WHAT THE TASK REQUIRES: Of the entries below, restate word for word only the section that runs from the line with "içinde tren bölme hapşırma kadın" to the line with "14k White Gold", counting both ends.

RECORDS PROVIDED:
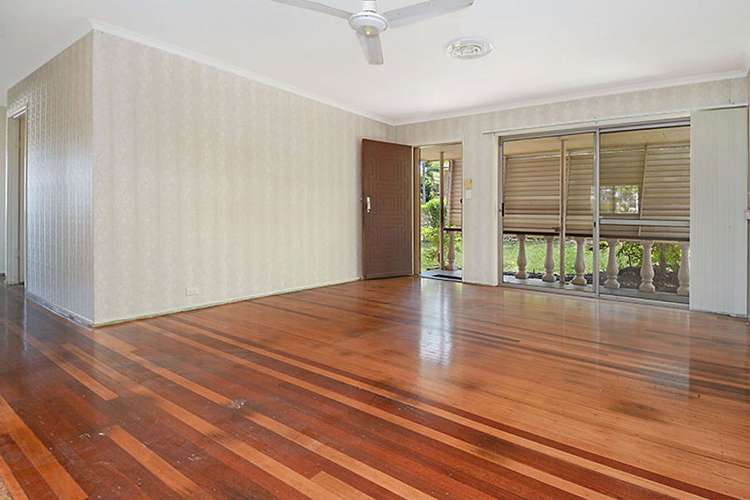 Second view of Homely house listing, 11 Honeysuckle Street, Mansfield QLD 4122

---

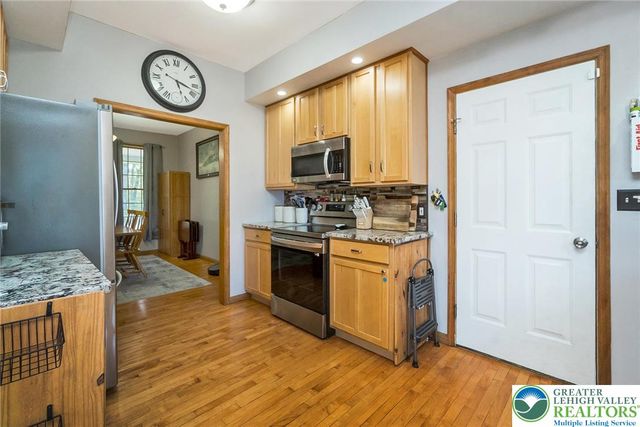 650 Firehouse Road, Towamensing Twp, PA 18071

==

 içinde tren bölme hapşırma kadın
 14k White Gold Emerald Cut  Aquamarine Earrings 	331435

SOLUTION FOR THIS EXERCISE:
 içinde tren bölme hapşırma kadın
 14k White Gold Emerald Cut  Aquamarine Earrings 	331435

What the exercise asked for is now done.